Files
mrvacommander/notes/cli-end-to-end-demo.org
Michael Hohn 77ce997fbb Major changes to support cli-end-to-end demonstration. See full log
* notes/cli-end-to-end-demo.org (Database Aquisition):
  Starting description for the end-to-end demonstration workflow.
  Very simplified version of notes/cli-end-to-end.org

* docker-compose-demo.yml (services):
  Make the pre-populated ql database storage an explicit container
  to get persistent data and straightforward mount semantics.

* docker-compose-demo-build.yml (services):
  Add a docker-compose configuration for *building* the demo environment.

* demo/containers/dbsdata/Dockerfile:
  Add dbsdata Docker image to hold initialized minio database file tree

* client/containers/vscode/README.org
  Update vscode container to use custom plugin for later mrva redirection
2024-10-15 10:18:42 -07:00

17 KiB
Raw Blame History

End-to-end example of CLI use

This document describes a complete cycle of the MRVA workflow, but using pre-populated data. The steps included are

  1. aquiring CodeQL databases
  2. selection of databases
  3. configuration and use of the command-line client
  4. server startup
  5. submission of the jobs
  6. retrieval of the results
  7. examination of the results

Start the containers

  cd ~/work-gh/mrva/mrvacommander/

  docker-compose -f docker-compose-demo.yml down --volumes --remove-orphans
  docker-compose -f docker-compose-demo.yml up --build

Database Aquisition

General database aquisition is beyond the scope of this document as it is very specific to an organization's environment.

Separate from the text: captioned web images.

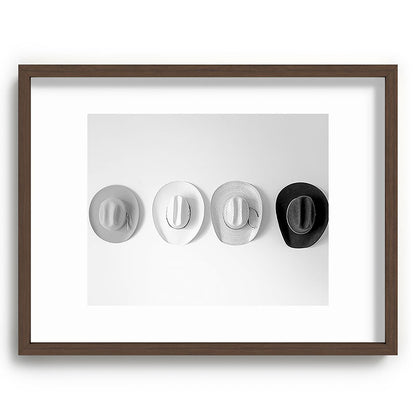 Cowboy Hat Wall - Black and White Framed Art Print Gallery Image 67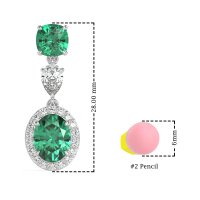 Three-Stone Dangle Halo Earrings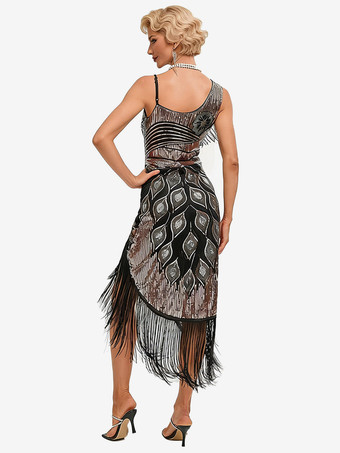 Great Gatsby Kleid Flapper-Kleid der 1920er Jahre Paillettenkleid schwarzes Kleid Vintage-Kostüme
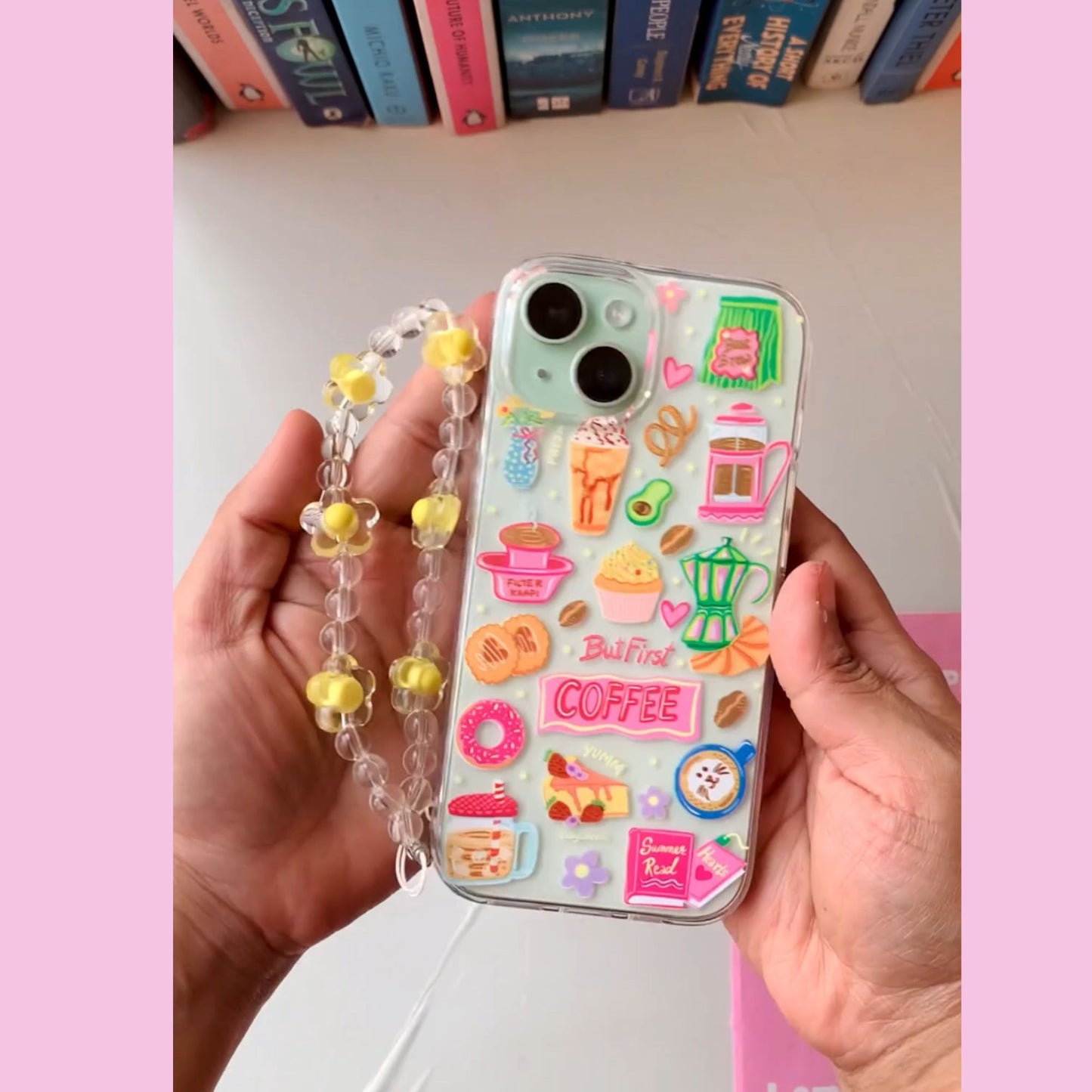 Silicone Clear Case with Yellow Charm Coffee Lover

For this demo, the data is preloaded via container. To inspect it:

  # On host, run 
  docker exec -it dbstore /bin/bash

  # In the container
  ls -la /data/mrvacommander/dbstore-data/qldb

  # Or in one step
  docker exec -it dbstore ls -la /data/mrvacommander/dbstore-data/qldb

Here we use a small sample of an example for open-source repositories, 23 in all.

Repository Selection

When using all of the MRVA system, we select a small subset of repositories available to you in Database Aquisition. For this demo we include a small collection 23 repositories and here we further narrow the selection to 12.

The full list

  ls -1 /data/dbstore-data/qldb/
  'BoomingTech$Piccoloctsj6d7177.zip'
  'KhronosGroup$OpenXR-SDKctsj984ee6.zip'
  'OpenRCT2$OpenRCT2ctsj975d7c.zip'
  'StanfordLegion$legionctsj39cbe4.zip'
  'USCiLab$cerealctsj264953.zip'
  'WinMerge$winmergectsj101305.zip'
  'draios$sysdigctsj12c02d.zip'
  'gildor2$UEViewerctsjfefdd8.zip'
  'git-for-windows$gitctsjb7c2bd.zip'
  'google$orbitctsj9bbeaf.zip'
  'libfuse$libfusectsj7a66a4.zip'
  'luigirizzo$netmapctsj6417fa.zip'
  'mawww$kakounectsjc54fab.zip'
  'microsoft$node-native-keymapctsj4cc9a2.zip'
  'nem0$LumixEnginectsjfab756.zip'
  'pocoproject$pococtsj26b932.zip'
  'quickfix$quickfixctsjebfd13.zip'
  'rui314$moldctsjfec16a.zip'
  'swig$swigctsj78bcd3.zip'
  'tdlib$telegram-bot-apictsj8529d9.zip'
  'timescale$timescaledbctsjf617cf.zip'
  'xoreaxeaxeax$movfuscatorctsj8f7e5b.zip'
  'xrootd$xrootdctsje4b745.zip'

The selection of 12 repositories, from an initial collection of 6000 was made using a collection of Python/pandas scripts made for the purpose, the qldbtools package. The resulting selection, in the format expected by the VS Code extension, follows.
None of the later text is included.